Senators are scheduled to take an initial vote on Britt Grant’s nomination to be a judge for the 11th U.S. Circuit Court of Appeals on Monday at 5:30 p.m.
If he overcomes Monday’s vote, where he’ll need a simple majority of the Senate, lawmakers could take a final vote on his nomination as soon as Tuesday.
Brett Kavanaugh, Trump’s Supreme Court nominee, will keep making the rounds on Capitol Hill as he holds one-on-one meetings with senators.
Kavanaugh is poised to have his first known meeting with a Democratic senator on Monday when he sits down with Sen. Joe Manchin (D-W.Va.), who is up for reelection in a state Trump carried by more than 40 percentage points in 2016.
Manchin was one of three Democratic senators, along with Sens. Joe Donnelly (Ind.) and Heidi Heitkamp (N.D.), who supported Neil Gorsuch, Trump’s first Supreme Court nominee.

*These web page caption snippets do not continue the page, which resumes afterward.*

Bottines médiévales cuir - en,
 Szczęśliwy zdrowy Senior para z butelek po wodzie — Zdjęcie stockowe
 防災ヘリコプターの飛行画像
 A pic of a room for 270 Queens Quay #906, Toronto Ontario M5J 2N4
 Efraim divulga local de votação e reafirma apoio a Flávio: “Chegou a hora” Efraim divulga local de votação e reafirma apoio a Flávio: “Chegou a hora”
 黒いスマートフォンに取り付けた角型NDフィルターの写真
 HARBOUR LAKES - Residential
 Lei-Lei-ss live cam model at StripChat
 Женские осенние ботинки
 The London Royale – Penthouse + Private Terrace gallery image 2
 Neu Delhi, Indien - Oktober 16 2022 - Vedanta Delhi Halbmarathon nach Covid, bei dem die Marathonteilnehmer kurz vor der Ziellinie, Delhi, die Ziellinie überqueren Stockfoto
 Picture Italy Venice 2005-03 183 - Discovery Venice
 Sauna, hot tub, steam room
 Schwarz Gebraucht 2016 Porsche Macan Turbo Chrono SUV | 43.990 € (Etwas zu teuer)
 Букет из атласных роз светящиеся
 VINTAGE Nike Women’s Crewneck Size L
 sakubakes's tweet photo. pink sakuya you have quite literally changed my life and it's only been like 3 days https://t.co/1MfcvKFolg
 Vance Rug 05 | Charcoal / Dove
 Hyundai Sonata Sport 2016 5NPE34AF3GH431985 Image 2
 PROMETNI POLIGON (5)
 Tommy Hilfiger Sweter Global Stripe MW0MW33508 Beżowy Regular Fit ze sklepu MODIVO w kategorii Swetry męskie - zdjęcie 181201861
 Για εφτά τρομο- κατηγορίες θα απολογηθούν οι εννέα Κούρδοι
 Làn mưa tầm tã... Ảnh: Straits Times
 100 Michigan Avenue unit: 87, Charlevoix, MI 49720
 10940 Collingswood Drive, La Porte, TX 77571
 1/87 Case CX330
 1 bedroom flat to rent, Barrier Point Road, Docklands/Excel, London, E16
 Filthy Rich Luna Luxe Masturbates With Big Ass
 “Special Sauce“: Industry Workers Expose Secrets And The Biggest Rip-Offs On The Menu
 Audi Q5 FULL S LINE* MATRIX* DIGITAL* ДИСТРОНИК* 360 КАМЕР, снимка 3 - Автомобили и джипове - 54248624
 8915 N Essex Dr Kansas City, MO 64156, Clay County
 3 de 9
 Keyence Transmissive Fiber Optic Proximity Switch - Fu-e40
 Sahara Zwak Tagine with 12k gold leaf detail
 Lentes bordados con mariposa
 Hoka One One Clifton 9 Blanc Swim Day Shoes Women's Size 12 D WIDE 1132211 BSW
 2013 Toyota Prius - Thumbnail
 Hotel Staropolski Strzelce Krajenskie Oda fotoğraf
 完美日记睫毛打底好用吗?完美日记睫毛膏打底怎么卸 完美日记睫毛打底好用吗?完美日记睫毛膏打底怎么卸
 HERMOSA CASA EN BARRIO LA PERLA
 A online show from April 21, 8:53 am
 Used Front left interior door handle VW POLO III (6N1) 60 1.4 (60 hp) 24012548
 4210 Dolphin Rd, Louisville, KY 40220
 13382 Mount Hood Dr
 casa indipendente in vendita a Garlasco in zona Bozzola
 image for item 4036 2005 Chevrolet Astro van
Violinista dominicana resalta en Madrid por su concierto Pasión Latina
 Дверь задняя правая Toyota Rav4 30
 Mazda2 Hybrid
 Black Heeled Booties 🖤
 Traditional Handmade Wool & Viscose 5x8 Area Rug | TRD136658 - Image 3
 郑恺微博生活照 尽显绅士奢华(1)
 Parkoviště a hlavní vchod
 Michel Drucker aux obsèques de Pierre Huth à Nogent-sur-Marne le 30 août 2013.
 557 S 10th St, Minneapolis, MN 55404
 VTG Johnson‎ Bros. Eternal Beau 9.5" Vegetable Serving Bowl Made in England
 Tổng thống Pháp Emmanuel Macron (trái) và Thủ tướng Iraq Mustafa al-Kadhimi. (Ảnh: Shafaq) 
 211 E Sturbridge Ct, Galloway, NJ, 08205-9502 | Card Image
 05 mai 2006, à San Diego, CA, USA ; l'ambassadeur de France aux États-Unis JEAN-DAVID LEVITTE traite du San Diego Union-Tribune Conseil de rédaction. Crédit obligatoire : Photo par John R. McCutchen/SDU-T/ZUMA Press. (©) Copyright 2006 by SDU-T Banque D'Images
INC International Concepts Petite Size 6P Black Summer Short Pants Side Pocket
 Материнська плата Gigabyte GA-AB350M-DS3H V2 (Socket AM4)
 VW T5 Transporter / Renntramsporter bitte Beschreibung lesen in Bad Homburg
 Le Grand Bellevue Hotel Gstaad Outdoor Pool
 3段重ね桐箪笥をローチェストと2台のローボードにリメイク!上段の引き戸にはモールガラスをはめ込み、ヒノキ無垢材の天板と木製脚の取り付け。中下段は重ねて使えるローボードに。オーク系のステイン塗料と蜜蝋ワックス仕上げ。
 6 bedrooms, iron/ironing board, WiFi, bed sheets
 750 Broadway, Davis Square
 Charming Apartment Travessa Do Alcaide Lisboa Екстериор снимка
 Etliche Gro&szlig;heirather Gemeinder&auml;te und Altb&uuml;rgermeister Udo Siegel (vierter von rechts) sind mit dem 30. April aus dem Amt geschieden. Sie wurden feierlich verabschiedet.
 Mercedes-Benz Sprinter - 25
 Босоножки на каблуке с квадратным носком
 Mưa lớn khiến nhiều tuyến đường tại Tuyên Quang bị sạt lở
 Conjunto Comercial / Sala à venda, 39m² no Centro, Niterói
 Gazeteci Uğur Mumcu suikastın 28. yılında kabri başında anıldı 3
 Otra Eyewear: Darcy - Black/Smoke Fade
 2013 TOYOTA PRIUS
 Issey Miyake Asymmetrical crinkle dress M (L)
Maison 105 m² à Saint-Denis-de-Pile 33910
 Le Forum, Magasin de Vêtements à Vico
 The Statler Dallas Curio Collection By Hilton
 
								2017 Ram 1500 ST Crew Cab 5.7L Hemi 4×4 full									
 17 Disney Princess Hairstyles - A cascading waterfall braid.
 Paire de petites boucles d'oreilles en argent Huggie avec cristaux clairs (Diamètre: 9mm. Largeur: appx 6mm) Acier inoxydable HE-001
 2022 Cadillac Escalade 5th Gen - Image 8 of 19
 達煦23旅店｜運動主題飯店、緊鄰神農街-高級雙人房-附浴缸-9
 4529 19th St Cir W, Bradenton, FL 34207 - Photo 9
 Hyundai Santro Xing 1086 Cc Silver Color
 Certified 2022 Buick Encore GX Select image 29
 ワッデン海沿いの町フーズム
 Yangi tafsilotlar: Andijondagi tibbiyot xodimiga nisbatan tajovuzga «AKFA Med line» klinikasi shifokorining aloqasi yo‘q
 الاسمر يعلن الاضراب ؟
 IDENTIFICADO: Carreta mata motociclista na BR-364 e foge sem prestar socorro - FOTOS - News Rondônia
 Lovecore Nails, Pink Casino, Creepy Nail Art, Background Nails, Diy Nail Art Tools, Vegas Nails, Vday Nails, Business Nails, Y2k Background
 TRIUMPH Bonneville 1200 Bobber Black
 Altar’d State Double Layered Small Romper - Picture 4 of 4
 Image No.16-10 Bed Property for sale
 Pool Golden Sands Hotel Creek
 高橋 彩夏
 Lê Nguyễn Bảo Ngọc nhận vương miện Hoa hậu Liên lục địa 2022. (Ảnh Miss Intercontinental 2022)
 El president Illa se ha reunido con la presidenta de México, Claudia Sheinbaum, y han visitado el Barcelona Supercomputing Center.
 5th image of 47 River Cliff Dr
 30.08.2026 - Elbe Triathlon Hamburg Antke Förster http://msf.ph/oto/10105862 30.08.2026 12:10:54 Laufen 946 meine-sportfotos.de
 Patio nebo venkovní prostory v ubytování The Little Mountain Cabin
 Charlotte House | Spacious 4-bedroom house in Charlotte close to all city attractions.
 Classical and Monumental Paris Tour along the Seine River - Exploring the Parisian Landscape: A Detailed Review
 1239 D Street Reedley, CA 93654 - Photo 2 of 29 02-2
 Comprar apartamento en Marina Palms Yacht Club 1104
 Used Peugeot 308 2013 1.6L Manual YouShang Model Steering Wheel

Democratic senators aren’t able to block Kavanaugh’s nominee on their own after Republicans got rid of the 60-vote procedural hurdle on Supreme Court nominations last year. But Republicans are hoping he’ll pick up at least some Democratic support, which would allow them to call Kavanaugh bipartisan.
Farm bill
Though the vote isn’t formally scheduled yet, senators are expected to vote this week to go to conference on the farm bill.
The lower chamber on June 21 narrowly approved in a 213-211 vote a five-year farm bill that would impose new work requirements on people who receive food stamps. The Senate’s version, which includes language to legalize hemp as an agricultural commodity, easily passed in an 86-11 vote on June 28.
The main sticking point during conference is expected to be on the House’s welfare reform language.